In what seemed like the middle of the night, I was awakened by a mysterious melodious chortling coming from above and drifting through a partially opened bedroom window. It was the so-called Dawn Song of a male Purple Martin. It ought to be called the pre-Dawn Song since there was hardly even the slightest glow of morning light on the horizon; it was a little after 4 am on a cloudy morning. This song is generally said to serve the purpose of attracting other Martins that might be wandering in the vicinity to the colony. But this can hardly be the explanation for our colony which is full to over-full already. And how is this particular male selected to sing the song out of all the males in the colony? Is he elected by all the martins to be the Senior Martin Meistersinger? Or do all the males fan out to distribute their music over a wide territory, one for each residential lot (our house must be a good half mile from colony)? Or is this just an unmated male hoping to attract a wife? But what would a female martin be doing wandering around in the darkness of night waiting for the call of the male? All very mysterious especially since the song is sung on many nights -- perhaps nightly -- during the spring and early summer in near darkness by an essentially daylight bird!

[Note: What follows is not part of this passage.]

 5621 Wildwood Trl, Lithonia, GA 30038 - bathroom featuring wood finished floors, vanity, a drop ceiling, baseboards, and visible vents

Another strange vocalization: yesterday afternoon, Lorna heard a strikingly odd series of sounds coming from a tree in front of the house. Squeaks and rumbles and a sound like the clattering of a bill. At first she thought it might be a cuckoo; later she wondered if it was a Yellow-breasted Chat. I came out to try and help but, of course, as soon as I arrived on the front deck, the bird stopped vocalizing, leaving only the squeaking of two trees rubbing against one another in the rather gusty winds. No, Lorna insisted, that's not what she heard. So who or what was making these odd sounds? It turned out to be a Common Starling, a bird noted in the Old World for its imitative abilities (Mozart is said to have kept one as a pet because it could whistle one of his tunes!). I've never heard a New World Starling that could compete with a Mockingbird in this category but starlings certainly have their squeaks and whistles.

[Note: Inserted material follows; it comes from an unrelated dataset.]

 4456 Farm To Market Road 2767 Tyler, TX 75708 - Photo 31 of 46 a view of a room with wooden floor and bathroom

Yet another: two or three loud hawk-like shrieks. Not the wimpy calls of a Bald Eagle or the distinctive sound of a Red-tail Hawk but a strong loud downward scream. I charged into the woods, looking high above to find the bird but what turned up was a ragged looking Common Crow being chased by a Blue Jay. Crows don't make sounds like hawks (I don't think) but Jays are known to imitate the call of a Red-shouldered Hawk, a rarity on Long Island and only seen here once before. If it was the Jay, perhaps he/she was trying to scare away a marauding crow by imitating the call of an even more threatening predator. Moments later the rains came and I retreated having seen and heard more than enough for a foggy, misty, rainy late May morn.